LendWise has trained a binary classification model to pre-approve personal loan applications. The model is intended to reduce manual underwriting volume while keeping default risk within policy limits. A pilot on recent applications shows strong aggregate accuracy, but risk and operations teams disagree on whether the model is ready to ship.
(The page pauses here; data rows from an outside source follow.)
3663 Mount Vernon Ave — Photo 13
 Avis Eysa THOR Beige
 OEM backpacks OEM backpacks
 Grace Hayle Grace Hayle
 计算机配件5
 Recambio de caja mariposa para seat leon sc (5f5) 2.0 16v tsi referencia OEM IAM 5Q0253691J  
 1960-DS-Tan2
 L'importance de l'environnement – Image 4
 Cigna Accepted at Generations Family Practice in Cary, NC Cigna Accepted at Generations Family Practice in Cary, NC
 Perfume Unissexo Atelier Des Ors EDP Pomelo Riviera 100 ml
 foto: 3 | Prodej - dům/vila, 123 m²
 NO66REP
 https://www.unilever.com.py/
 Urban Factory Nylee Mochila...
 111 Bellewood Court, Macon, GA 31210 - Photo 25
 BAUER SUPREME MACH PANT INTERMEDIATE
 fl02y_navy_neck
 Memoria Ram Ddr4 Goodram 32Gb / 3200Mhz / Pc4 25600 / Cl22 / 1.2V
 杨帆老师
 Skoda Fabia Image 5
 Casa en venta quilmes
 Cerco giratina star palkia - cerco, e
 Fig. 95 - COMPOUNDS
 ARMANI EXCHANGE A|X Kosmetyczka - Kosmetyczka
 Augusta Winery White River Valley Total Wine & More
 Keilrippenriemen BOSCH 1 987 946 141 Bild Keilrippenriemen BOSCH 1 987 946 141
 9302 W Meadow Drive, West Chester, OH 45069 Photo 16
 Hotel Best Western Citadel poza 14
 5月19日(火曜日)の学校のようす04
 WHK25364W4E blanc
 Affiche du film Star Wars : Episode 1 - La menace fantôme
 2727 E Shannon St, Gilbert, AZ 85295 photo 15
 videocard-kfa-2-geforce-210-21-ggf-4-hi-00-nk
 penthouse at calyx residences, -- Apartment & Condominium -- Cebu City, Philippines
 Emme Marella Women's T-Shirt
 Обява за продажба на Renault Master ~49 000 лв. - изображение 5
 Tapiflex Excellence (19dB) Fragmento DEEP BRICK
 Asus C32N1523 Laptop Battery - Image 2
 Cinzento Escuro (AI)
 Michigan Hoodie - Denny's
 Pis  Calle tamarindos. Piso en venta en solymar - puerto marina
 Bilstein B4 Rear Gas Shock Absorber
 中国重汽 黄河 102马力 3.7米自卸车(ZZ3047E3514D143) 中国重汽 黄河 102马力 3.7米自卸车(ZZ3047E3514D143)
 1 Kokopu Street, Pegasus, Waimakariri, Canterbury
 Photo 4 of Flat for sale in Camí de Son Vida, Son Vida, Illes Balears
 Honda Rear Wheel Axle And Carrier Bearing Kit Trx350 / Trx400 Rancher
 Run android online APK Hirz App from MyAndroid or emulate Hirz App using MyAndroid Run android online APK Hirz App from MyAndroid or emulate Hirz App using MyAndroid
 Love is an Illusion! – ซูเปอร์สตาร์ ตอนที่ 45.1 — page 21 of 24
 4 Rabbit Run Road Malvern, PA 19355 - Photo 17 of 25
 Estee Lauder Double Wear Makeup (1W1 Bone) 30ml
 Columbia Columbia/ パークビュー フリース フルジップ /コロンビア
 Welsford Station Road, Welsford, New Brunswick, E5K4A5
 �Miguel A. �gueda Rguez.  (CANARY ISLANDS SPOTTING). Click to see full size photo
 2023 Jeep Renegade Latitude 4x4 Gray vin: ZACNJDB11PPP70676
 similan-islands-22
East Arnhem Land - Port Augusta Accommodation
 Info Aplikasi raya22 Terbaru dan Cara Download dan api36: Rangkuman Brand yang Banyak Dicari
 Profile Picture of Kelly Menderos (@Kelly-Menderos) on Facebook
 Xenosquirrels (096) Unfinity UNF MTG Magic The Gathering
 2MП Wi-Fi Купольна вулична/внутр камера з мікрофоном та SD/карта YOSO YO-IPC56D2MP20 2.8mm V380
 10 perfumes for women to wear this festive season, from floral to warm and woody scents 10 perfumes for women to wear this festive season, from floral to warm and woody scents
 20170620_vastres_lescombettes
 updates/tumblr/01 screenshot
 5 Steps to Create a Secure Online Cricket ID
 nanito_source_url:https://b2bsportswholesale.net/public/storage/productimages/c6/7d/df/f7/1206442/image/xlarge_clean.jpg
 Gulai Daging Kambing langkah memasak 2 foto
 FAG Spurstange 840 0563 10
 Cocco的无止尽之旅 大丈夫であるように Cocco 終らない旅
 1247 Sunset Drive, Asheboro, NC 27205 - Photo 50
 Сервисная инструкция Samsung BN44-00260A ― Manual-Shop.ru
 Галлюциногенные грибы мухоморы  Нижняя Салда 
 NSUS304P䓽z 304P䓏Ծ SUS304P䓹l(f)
| Metric | Validation Set | Pilot Holdout | Ship Target |
|---|---|---|---|
| Accuracy | 0.91 | 0.89 | >= 0.88 |
| Precision (approved loans that stay current) | 0.93 | 0.90 | >= 0.92 |
| Recall (good borrowers approved) | 0.78 | 0.72 | >= 0.75 |
| F1 Score | 0.85 | 0.80 | >= 0.83 |
| AUC-ROC | 0.94 | 0.90 | >= 0.91 |
| Log Loss | 0.21 | 0.29 | <= 0.25 |
| Calibration error | 0.03 | 0.08 | <= 0.05 |
| Manual review rate | 18% | 27% | <= 20% |
| 90-day default rate on approved loans | 3.1% | 4.8% | <= 4.0% |
The pilot suggests the model generalizes worse than offline validation, especially on recall, calibration, and downstream default rate. Leadership wants a recommendation on whether the model is good enough to ship now, ship behind guardrails, or hold for improvement.